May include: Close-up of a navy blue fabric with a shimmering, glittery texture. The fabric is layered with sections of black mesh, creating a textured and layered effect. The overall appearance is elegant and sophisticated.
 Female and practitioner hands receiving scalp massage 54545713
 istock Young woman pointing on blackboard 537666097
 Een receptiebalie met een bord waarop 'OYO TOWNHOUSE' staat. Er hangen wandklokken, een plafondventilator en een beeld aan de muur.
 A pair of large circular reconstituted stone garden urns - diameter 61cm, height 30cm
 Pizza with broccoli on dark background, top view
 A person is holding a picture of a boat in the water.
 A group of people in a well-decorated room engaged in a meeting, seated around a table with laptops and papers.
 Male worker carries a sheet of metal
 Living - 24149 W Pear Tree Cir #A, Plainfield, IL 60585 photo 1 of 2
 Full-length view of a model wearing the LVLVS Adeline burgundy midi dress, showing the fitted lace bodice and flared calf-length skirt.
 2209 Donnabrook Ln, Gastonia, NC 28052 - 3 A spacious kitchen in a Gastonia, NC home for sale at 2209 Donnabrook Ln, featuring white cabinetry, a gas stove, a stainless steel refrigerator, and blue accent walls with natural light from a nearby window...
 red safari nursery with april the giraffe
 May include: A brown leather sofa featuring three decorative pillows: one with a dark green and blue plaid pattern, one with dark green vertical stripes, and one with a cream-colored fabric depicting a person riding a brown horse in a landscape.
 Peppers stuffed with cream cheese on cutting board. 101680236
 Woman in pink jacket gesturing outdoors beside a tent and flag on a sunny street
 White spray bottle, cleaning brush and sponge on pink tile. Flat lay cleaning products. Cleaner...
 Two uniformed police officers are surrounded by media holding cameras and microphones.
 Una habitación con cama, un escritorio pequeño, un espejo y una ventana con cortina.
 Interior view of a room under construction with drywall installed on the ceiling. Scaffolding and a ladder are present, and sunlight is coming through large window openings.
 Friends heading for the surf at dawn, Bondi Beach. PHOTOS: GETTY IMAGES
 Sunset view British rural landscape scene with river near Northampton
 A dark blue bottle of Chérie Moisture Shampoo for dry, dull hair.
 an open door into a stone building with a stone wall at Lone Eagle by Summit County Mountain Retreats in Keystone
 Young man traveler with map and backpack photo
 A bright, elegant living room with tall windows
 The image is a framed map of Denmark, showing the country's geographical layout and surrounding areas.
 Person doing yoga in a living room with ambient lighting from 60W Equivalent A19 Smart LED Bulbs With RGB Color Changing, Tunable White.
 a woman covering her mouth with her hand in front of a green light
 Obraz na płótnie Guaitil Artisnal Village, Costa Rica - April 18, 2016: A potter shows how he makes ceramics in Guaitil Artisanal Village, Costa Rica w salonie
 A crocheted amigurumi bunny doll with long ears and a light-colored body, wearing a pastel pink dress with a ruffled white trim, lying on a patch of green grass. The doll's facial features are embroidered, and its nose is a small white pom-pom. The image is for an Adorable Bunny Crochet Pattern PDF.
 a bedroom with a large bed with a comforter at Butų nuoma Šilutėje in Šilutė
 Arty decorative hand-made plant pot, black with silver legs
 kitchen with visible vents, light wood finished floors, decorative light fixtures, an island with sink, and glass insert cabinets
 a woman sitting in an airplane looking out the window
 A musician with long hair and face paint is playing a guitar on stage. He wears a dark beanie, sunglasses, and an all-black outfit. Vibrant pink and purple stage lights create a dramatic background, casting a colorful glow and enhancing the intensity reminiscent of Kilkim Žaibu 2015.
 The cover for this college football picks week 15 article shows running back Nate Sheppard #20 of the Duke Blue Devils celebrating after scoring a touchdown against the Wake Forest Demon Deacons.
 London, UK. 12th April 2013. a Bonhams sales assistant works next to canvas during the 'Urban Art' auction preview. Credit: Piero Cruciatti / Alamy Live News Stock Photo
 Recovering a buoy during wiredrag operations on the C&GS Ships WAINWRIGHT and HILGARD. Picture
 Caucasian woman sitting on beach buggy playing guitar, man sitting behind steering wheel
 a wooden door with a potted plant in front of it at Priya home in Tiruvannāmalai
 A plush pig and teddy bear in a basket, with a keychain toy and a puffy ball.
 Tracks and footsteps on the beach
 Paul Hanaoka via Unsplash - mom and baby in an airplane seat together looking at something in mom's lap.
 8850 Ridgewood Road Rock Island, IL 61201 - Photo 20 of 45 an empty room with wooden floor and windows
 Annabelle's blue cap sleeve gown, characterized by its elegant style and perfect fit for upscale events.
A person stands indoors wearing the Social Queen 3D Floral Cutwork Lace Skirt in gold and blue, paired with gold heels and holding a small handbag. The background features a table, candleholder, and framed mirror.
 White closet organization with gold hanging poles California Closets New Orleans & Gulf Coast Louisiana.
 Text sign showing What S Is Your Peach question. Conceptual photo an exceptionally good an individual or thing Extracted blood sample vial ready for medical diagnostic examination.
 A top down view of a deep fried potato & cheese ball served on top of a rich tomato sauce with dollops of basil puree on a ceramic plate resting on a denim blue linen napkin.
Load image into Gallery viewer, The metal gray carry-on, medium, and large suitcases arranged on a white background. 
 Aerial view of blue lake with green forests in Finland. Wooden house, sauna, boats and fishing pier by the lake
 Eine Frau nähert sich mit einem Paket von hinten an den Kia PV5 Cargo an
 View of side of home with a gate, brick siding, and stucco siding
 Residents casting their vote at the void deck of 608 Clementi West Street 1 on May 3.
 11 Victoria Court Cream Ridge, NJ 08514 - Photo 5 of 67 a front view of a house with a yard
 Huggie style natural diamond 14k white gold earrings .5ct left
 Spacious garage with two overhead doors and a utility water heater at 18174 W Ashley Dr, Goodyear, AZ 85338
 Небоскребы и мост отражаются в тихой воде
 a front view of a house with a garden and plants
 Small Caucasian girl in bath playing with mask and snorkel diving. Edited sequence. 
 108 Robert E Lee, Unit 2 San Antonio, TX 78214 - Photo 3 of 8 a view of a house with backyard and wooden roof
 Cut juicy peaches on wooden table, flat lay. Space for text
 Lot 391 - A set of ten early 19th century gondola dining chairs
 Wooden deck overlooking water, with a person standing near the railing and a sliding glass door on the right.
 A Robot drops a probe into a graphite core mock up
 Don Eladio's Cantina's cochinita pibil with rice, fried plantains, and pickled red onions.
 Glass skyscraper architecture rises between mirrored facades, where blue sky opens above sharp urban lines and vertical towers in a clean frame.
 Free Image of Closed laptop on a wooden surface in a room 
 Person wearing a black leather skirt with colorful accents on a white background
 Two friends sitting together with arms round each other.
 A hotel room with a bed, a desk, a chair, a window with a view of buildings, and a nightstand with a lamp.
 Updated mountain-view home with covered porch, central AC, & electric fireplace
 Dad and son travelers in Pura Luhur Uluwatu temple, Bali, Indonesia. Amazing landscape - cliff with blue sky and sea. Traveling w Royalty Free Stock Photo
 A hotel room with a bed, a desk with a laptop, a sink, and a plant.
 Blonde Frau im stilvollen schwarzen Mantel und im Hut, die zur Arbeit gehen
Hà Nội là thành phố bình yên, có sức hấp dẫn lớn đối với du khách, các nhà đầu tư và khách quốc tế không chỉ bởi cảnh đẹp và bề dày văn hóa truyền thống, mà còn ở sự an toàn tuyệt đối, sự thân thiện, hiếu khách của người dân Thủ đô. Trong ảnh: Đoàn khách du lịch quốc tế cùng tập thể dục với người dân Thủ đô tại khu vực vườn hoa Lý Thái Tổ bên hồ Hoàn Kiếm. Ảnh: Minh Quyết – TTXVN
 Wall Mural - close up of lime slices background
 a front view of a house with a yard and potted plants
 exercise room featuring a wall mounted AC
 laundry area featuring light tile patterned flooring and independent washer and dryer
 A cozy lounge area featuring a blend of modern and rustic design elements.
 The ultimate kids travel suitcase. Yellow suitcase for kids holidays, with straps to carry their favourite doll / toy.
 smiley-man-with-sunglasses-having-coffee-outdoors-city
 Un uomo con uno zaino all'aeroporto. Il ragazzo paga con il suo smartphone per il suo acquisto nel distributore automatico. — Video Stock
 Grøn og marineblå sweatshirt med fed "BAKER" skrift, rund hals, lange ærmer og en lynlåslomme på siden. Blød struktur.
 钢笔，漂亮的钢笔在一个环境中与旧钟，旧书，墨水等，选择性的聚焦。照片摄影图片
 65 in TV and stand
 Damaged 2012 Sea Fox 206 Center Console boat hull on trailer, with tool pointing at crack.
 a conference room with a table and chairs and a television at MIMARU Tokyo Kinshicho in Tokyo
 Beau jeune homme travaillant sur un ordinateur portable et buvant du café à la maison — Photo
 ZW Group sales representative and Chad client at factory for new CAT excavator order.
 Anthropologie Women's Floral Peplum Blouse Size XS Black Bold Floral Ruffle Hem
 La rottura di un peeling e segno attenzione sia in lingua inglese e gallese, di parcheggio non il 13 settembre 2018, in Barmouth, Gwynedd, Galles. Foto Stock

—————

Restate the material word for word, but only from its first line through the line containing "Female and practitioner".

May include: Close-up of a navy blue fabric with a shimmering, glittery texture. The fabric is layered with sections of black mesh, creating a textured and layered effect. The overall appearance is elegant and sophisticated.
 Female and practitioner hands receiving scalp massage 54545713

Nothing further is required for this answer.